This scheme allows passing of data between contexts.
3.6
Interrupts :
The ADSP-21020 has four external hardware interrupts, nine internally generated
interrupts, and eight software interrupts. For the external interrupts and the
internal timer interrupts, the ADSP-21020 automatically stacks the arithmetic
status and mode (MODE1) registers when servicing the interrupts, allowing five
nesting levels of fast service for these interrupts.
An
interrupt can occur at any time while the ADSP-21020 is executing a program.

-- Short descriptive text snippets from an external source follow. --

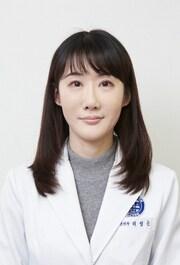 본문 이미지 - 허영은 분당차병원 신경과 교수.(분당차병원 제공)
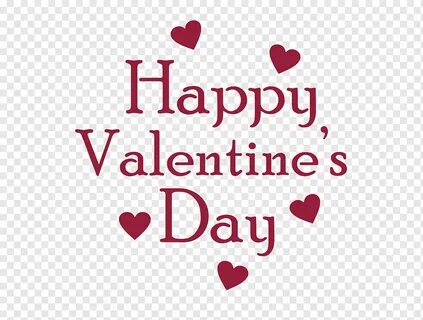 Valentine text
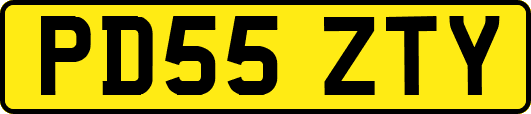 PD55ZTY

Internal events that generate interrupts include arithmetic exceptions, which
allow for fast trap handling and recovery.
3.7
Timer :
The programmable interval timer provides periodic interrupt generation. When
enabled, the timer decrements a 32-bit count register
every cycle. When this count register reaches zero, the ADSP-21020 generates an
interrupt and asserts its TIMEXP output. The count register is automatically
reloaded from a 32-bit period register and the count resumes immediately.
The
ADSP-21020 implements the boundary scan testing provisions specified by IEEE
Standard 1149.1 of the Joint Testing Action Group (JTAG). The ADSP-21020’s test
access port and on-chip JTAG circuitry is fully compliant with the IEEE 1149.1
specification. The test access port enables boundary scan testing of circuitry
connected to the ADSP-21020’s I/O pins.
The
ADSP-21020 also implements on-chip emulation through the JTAG test access port.

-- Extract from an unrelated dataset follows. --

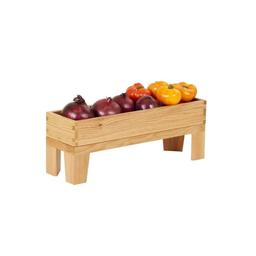 Product thumb gallery 4586806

The processor’s eight sets of break-point range registers enable program
execution at full speed until reaching a desired breakpoint address range. The processor can then halt and allow reading/writing of all the
processor’s internal registers and external memories through the JTAG port.
S3.C1.5 DEVELOPMENT
SYSTEM
The ADSP-21020 is supported with a complete set of software and hardware development tools. The ADSP-21020 Development System includes development software, an evaluation board and an in-circuit emulator.
5.1
Assembler :
Creates relocatable, COFF(Common Object File Format) object files from
ADSP-21XXX assembly source code. It accepts standard C preprocessor directives
for conditional assembly and macro processing. The algebraic syntax of the
ADSP-21XXX assembly language facilitates coding and debugging of DSP
algorithms.
5.2
Linker/Librarian :
The Linker processes separately assembled object files and library files to
create a single executable program. It assigns memory locations to code and to
data in accordance with a user-defined architecture file that describes the
memory and I/O configuration of the target system. The Librarian allows you to
group frequently used object files into a single library file that can be
linked with your main program.
5.3
Simulator :
The simulator performs interactive, instruction-level simulation of ADSP-21XXX
code within the hardware configuration described by a system architecture file.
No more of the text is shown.